↓
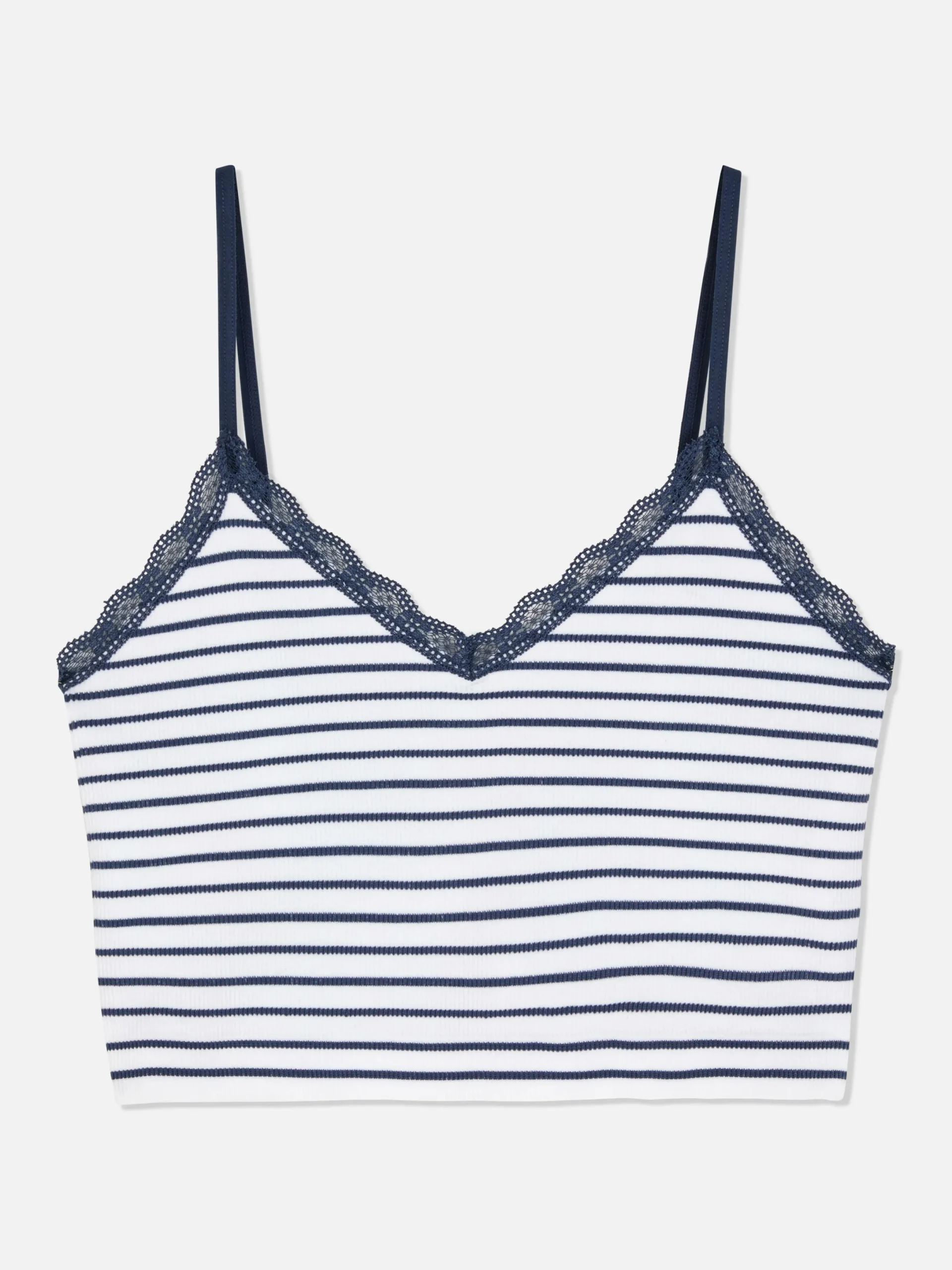Schlafanzugoberteile|Primark Kurzes Schlafanzug-Trägertop Mit Spitzenbesatz Marineblau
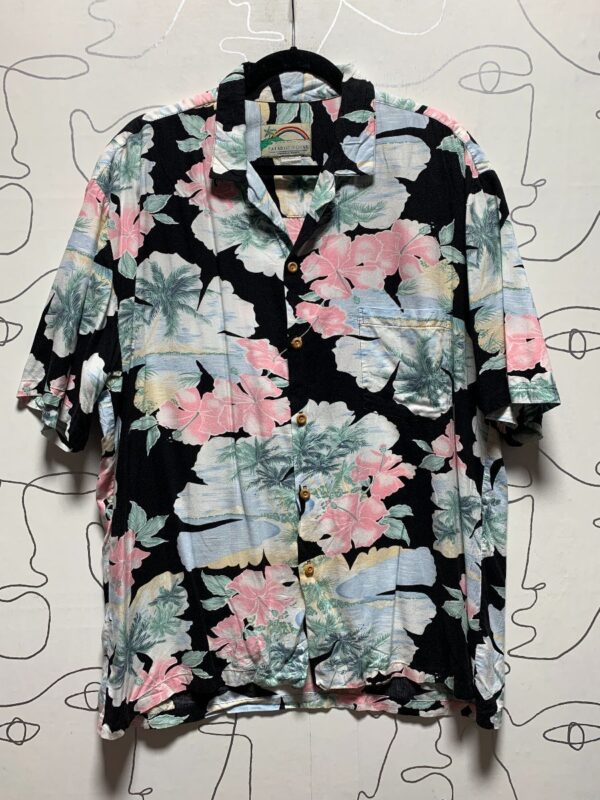 product details: CLASSIC PASTEL COLOR-WAY FLORAL TROPICAL PRINT RAYON HAWAIIAN SHIRT WOOD BUTTONS photo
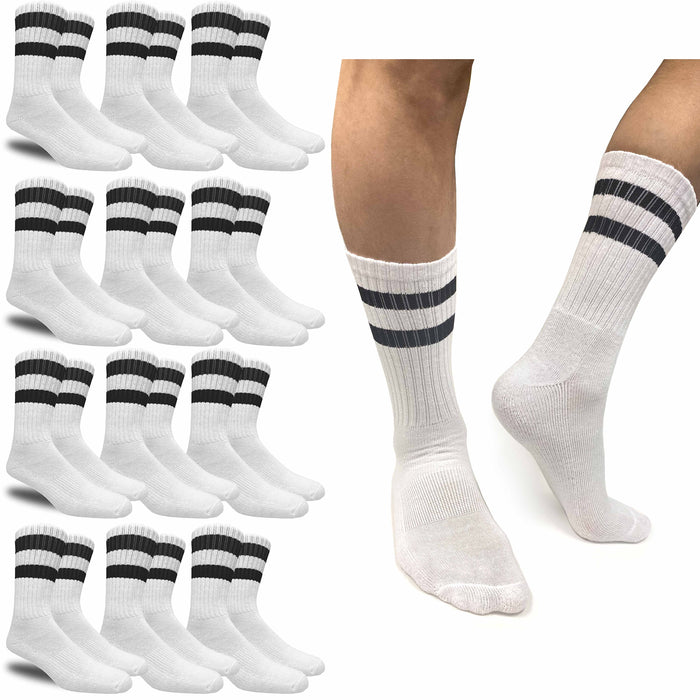 12 Pairs Lot Men's Athletic Cushioned Socks Crew Stripe Tube Calf White One Size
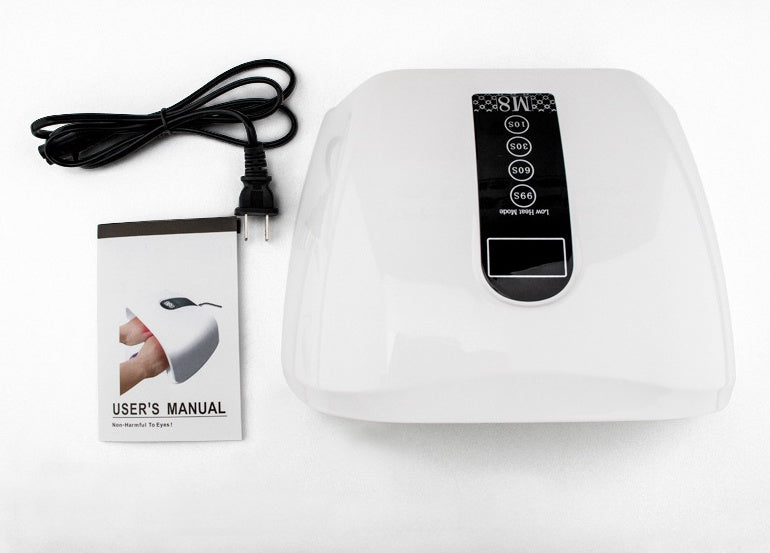 96W nail dryer with LED display, power cord, and user manual.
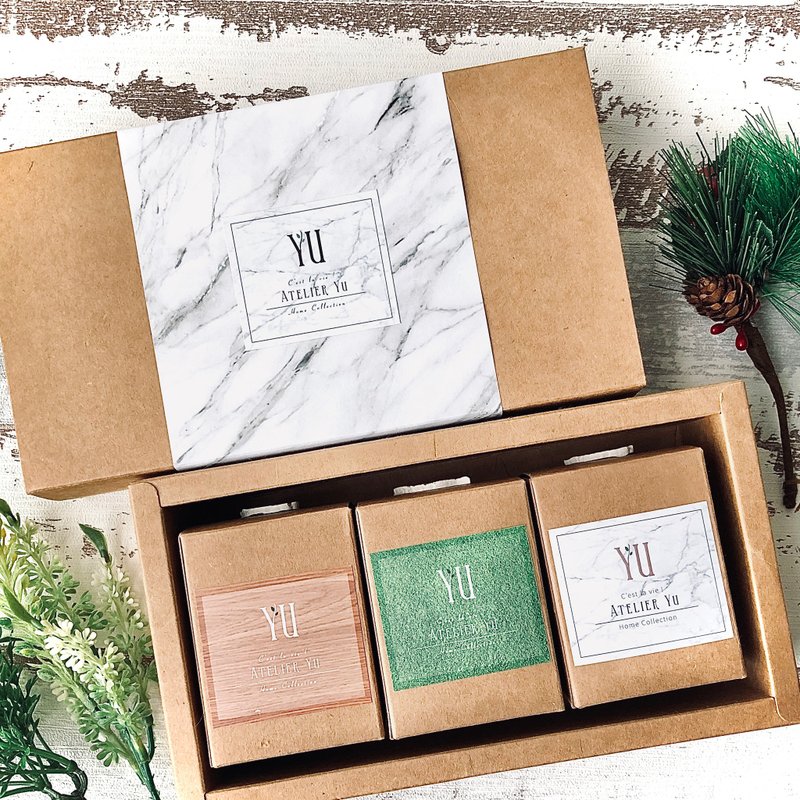 大豆香氛手工蜡烛礼盒 任选三款 小棕瓶100g - 蜡烛/烛台 - 蜡 卡其色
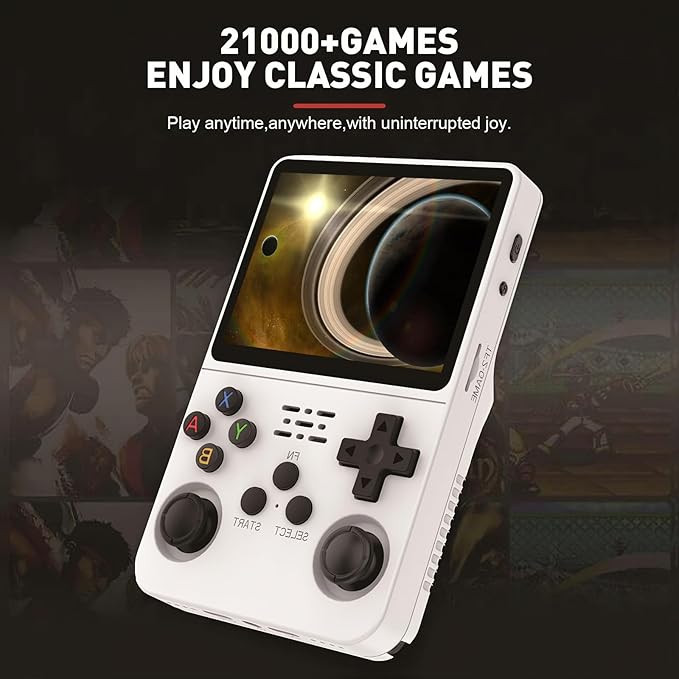 R36S Handheld Game Console, 3.5 Inch IPS Screen Open Source Linux System R36S Game Console, 128G TF Card 17000+ Games 10+ Emulators Consola R36S with Dual 3D Joysticks for Boys and Girls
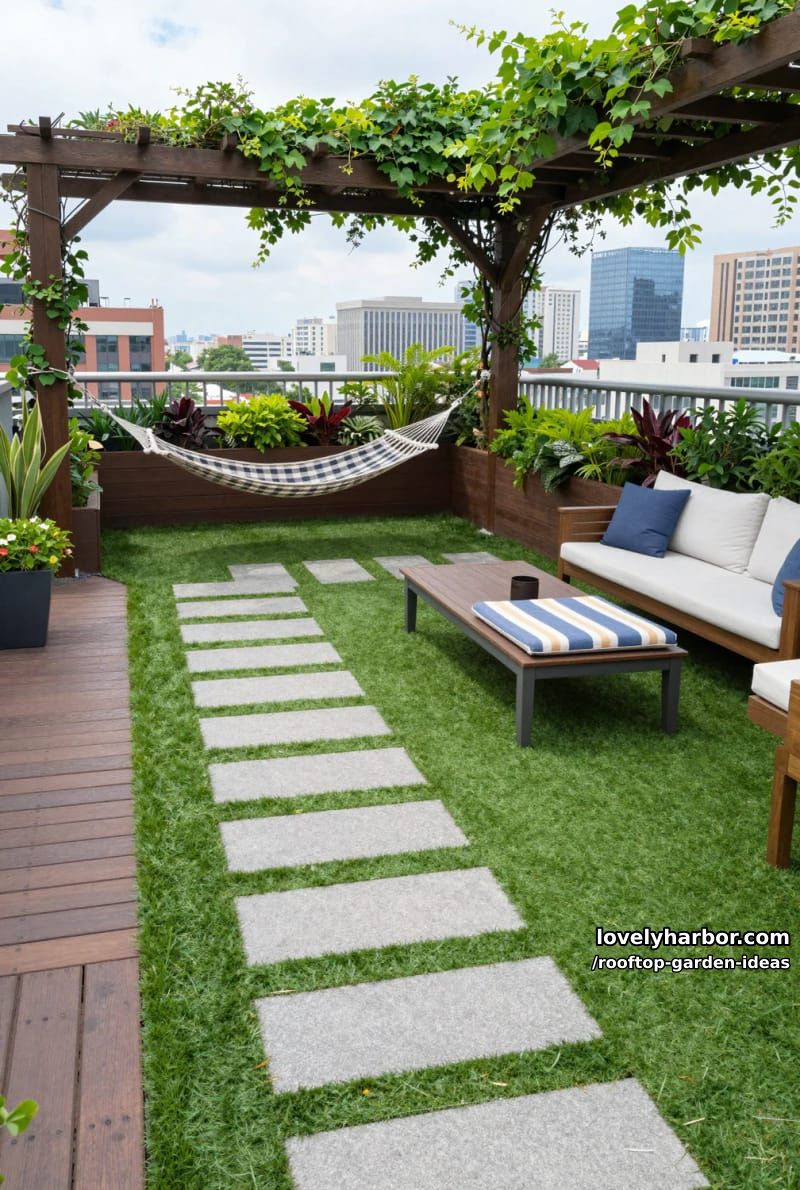 rooftop terrace with artificial grass, hammock, lush planters, and wooden pergola. 1
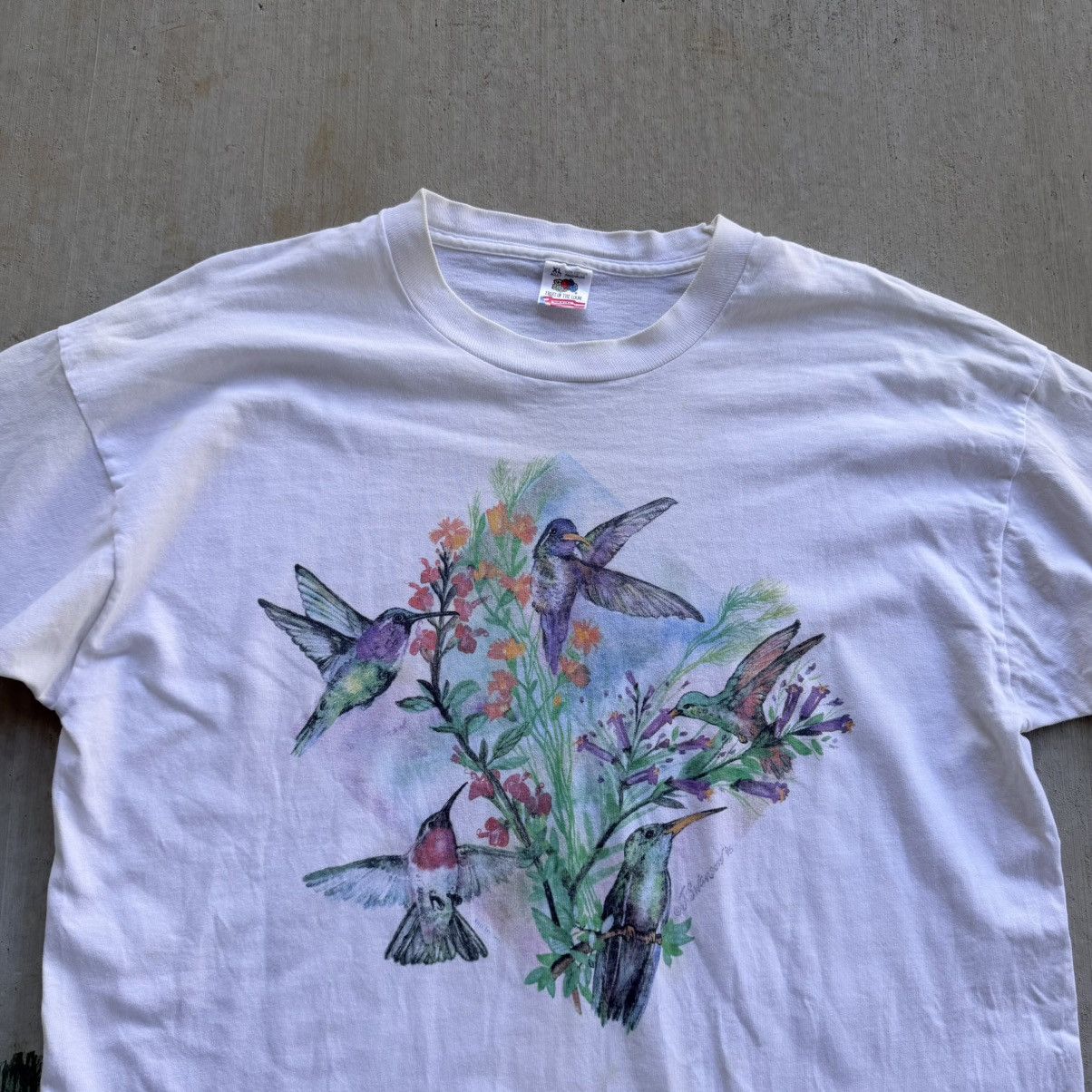Fruit Of The Loom Vintage Hummingbird Art T Shirt 90s Single Stitch FOTL XL Size US XL / EU 56 / 4 - 2 Thumbnail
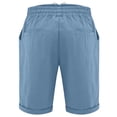 thumbnail image 6 of HAIJIE Shorts for Women Knee Length Long Shorts Linen Plus Size Dressy Casual Pull On with Drawstrings (#072 Blue,L), 6 of 6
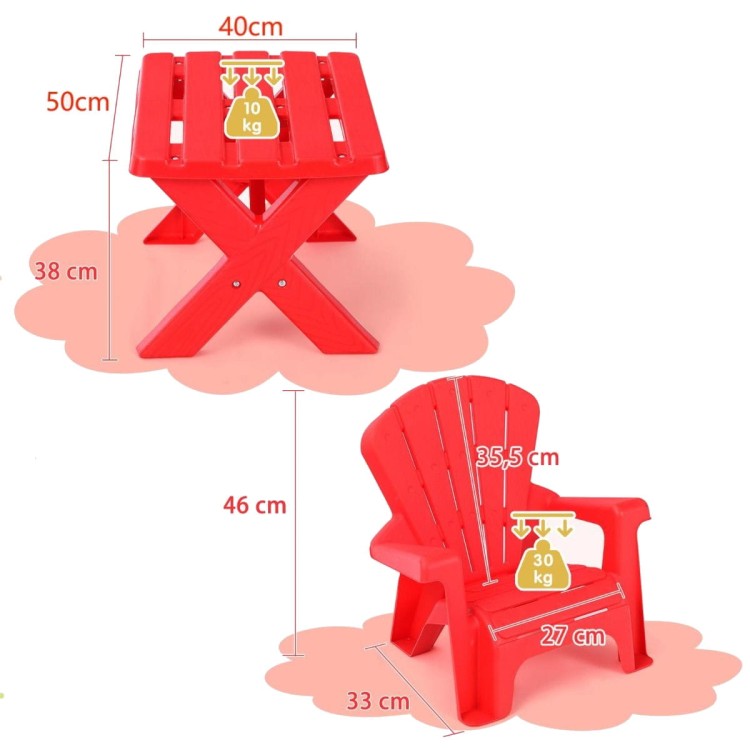 3-częściowy zestaw mebli ogrodowych dla dzieci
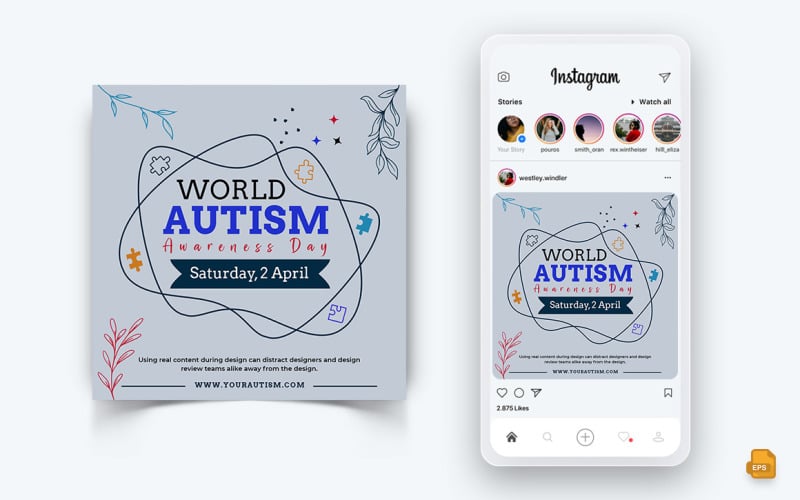World Autism Awareness Day Social Media Instagram Post Design-11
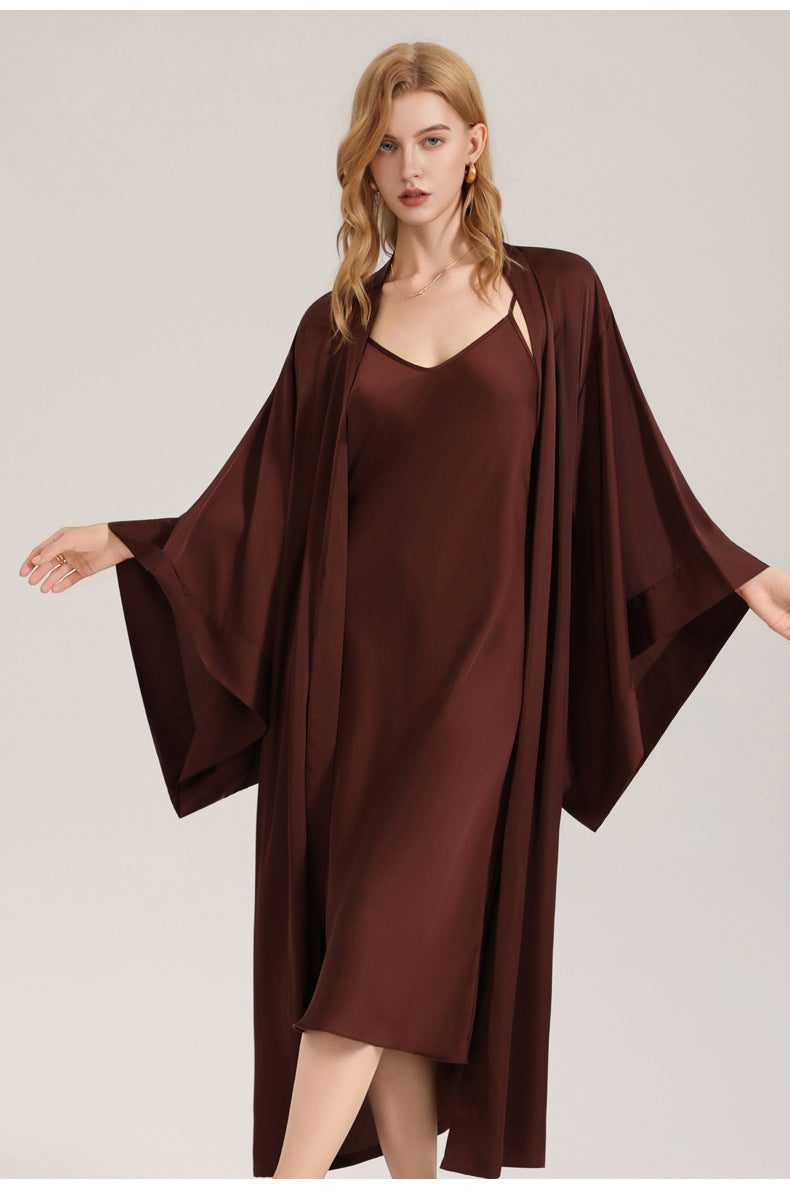 Solid color suspender outer robe two-piece set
↑
Starting at the first line of the listing above, write out each line exactly and nothing else until you reach the line containing "96W nail dryer", which is included as well; omit all pictures.

Problem solution:
Schlafanzugoberteile|Primark Kurzes Schlafanzug-Trägertop Mit Spitzenbesatz Marineblau
 product details: CLASSIC PASTEL COLOR-WAY FLORAL TROPICAL PRINT RAYON HAWAIIAN SHIRT WOOD BUTTONS photo
 12 Pairs Lot Men's Athletic Cushioned Socks Crew Stripe Tube Calf White One Size
 96W nail dryer with LED display, power cord, and user manual.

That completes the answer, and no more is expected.